The WFOE has the right to terminate the Exclusive Call Option Agreement at any time with a prior 30-day written notice to the OPCO and the VIE Equity Owners. Save as the WFOE, no other party shall have the right to unilaterally terminate the Exclusive Call Option Agreement.
(iv) The Equity Interest Pledge Agreement
Parties: (i) WFOE (as pledgee); and (ii) VIE Equity Owners (as pledgors) Pledge: The VIE Equity Owners agree to pledge all of their equity interests in the OPCO (including any equity interest subsequently acquired or subscribed) to the WFOE to guarantee the performance by the OPCO and the VIE Equity Owners of their respective obligations under the Contractual Arrangements.
If the OPCO or the VIE Equity Owners breach their obligations under the Contractual Arrangements, the WFOE, as the pledgee, shall be entitled to certain rights and remedies, including priority in receiving the proceeds from the auction or disposal of the pledged equity interests in the OPCO.
The VIE Equity Owners shall instruct the OPCO not to distribute any dividend, bonus or other forms of profits during the term of the pledge.

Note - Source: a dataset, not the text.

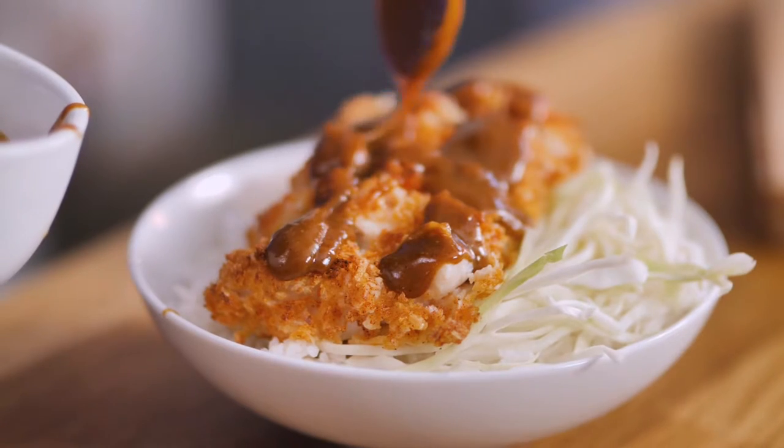When it comes to food, Good Friday is all about the fish. Growing up that meant fish fingers or chippy tea at home. I wanted to do something a little bit different for this Good Friday, so I'm making katsu fish.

Any economic benefit (other than the above) generated by the pledged equity interests during the term of the pledge shall be returned to the WFOE.
Term: The Equity Interest Pledge Agreement shall become effective on the date when the pledge of the equity interests in the OPCO is registered on the register of members of the OPCO and shall remain binding until the VIE Equity Owners discharge all their obligations under the Contractual Arrangements or the termination of the VIE Contracts (other than the Equity Interest Pledge Agreement).
During the term of the Equity Interest Pledge Agreement, the VIE Equity Owners shall take all actions to ensure that the registration of the pledge of the equity interests in the OPCO on the register of members of the OPCO continues to be valid.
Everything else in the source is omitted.